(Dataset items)

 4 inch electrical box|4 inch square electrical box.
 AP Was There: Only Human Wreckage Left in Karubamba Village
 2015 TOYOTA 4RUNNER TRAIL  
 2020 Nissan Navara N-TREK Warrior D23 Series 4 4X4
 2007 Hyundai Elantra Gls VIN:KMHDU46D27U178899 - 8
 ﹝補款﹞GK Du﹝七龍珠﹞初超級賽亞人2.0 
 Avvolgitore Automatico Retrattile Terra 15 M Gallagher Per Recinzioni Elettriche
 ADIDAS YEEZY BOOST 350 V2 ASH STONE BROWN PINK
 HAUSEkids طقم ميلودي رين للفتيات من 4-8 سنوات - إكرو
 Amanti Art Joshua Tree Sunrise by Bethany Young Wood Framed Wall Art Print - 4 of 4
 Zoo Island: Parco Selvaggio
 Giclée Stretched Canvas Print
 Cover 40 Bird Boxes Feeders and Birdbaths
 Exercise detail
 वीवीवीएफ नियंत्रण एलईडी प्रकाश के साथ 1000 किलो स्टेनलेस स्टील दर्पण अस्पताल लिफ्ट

_DIRECTIONS FOR THIS TASK_. Pull out all lines from the entries above that include the word "Print".

_EXPECTED ANSWER_.
 Amanti Art Joshua Tree Sunrise by Bethany Young Wood Framed Wall Art Print - 4 of 4
 Giclée Stretched Canvas Print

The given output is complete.